*GOAL OF THE EXERCISE:* Repeat the lines from the one containing "Six-year-old Raegan Wilcox" through the end of the listing exactly, both ends included. Do not carry over any pictures.

*RECORDED INFORMATION:*
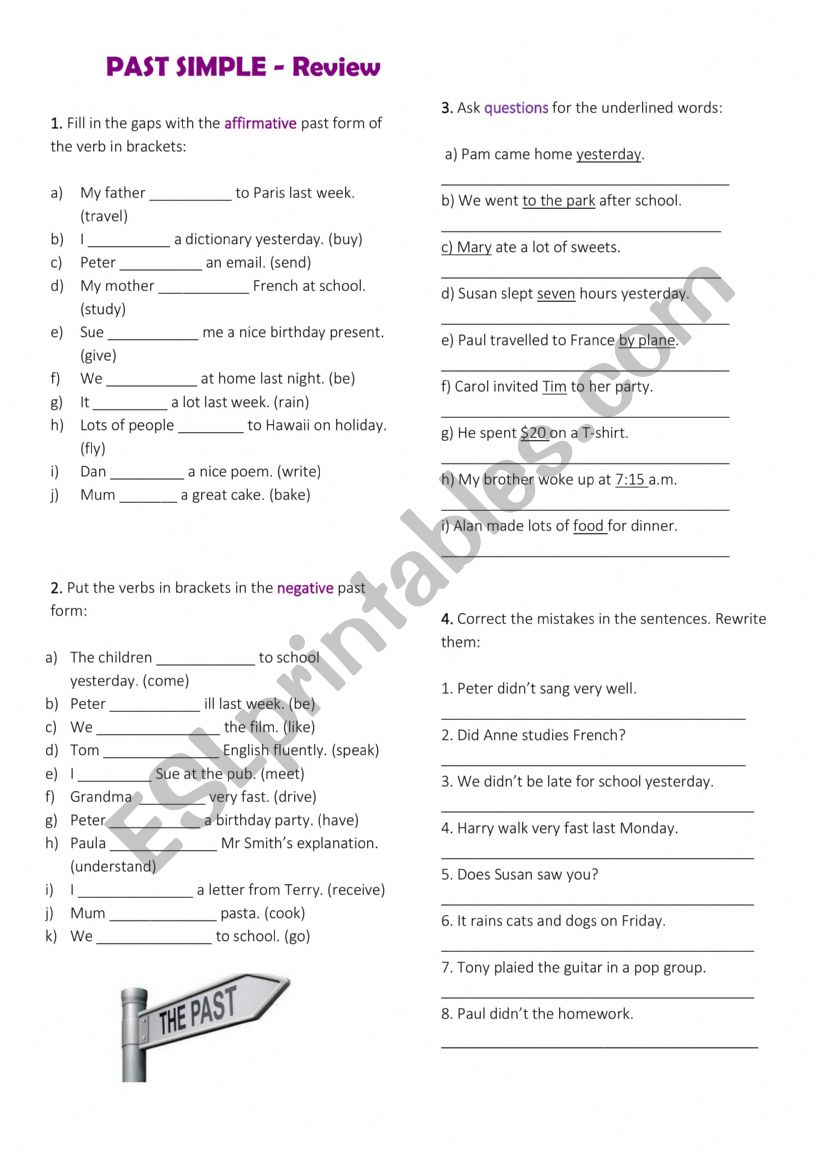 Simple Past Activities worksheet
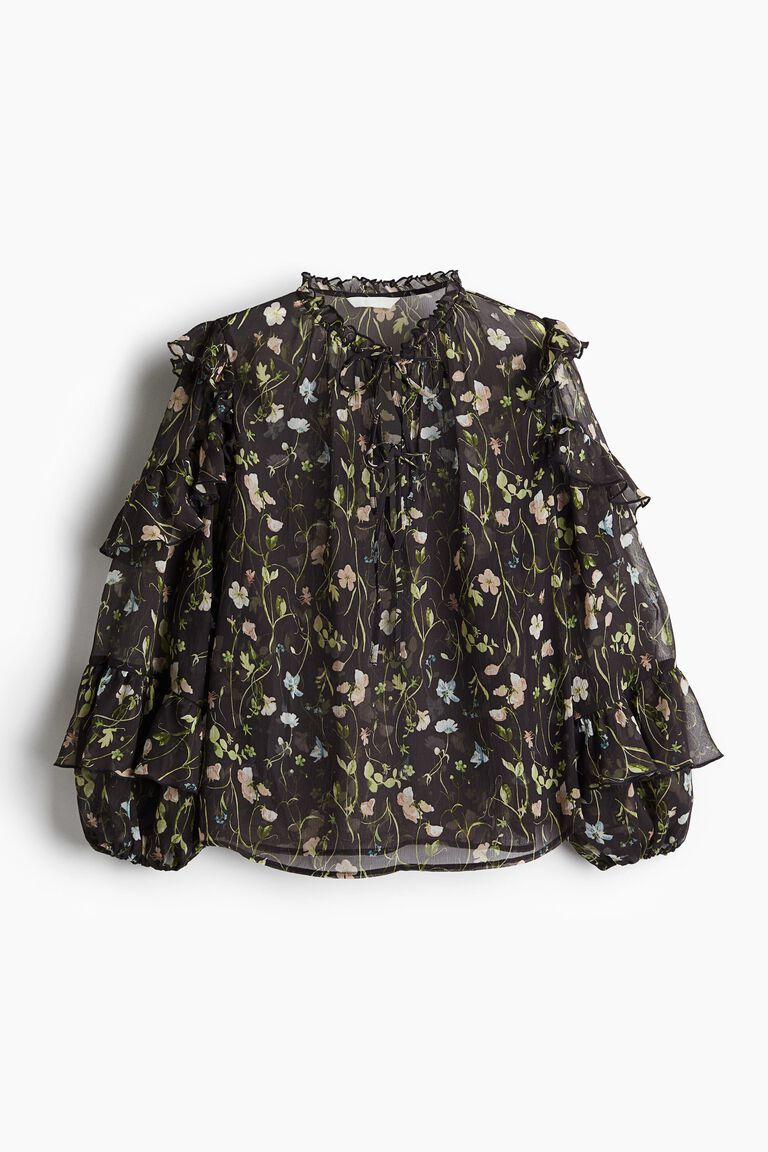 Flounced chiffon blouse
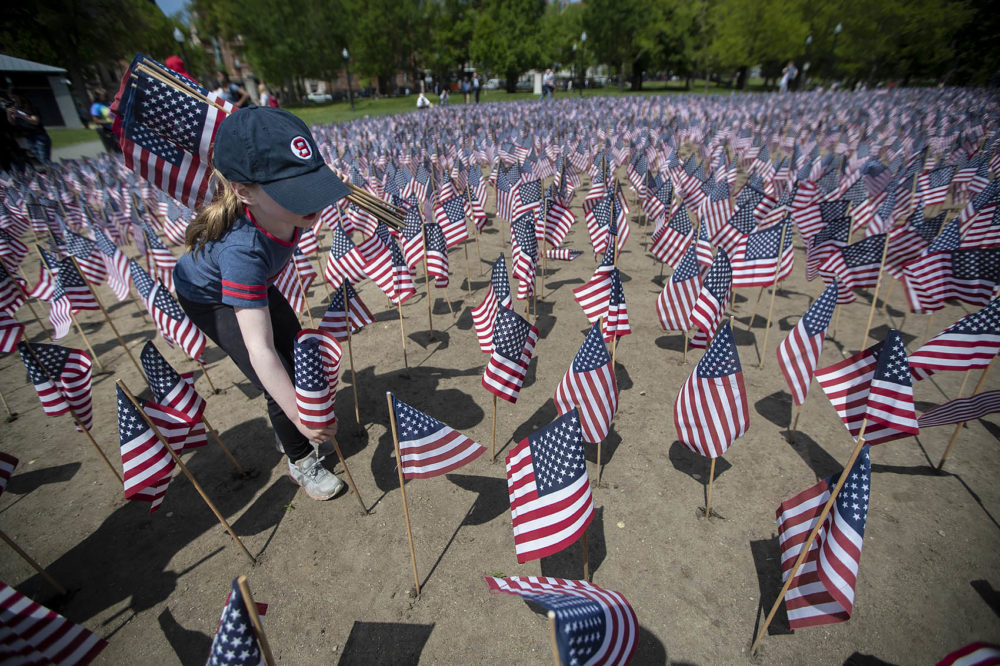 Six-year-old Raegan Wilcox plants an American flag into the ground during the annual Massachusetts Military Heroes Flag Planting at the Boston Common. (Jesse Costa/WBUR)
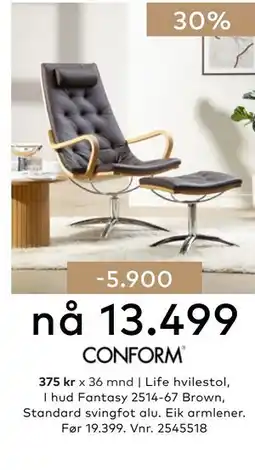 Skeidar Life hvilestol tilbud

*ANSWER BOX:*
 Six-year-old Raegan Wilcox plants an American flag into the ground during the annual Massachusetts Military Heroes Flag Planting at the Boston Common. (Jesse Costa/WBUR)
 Skeidar Life hvilestol tilbud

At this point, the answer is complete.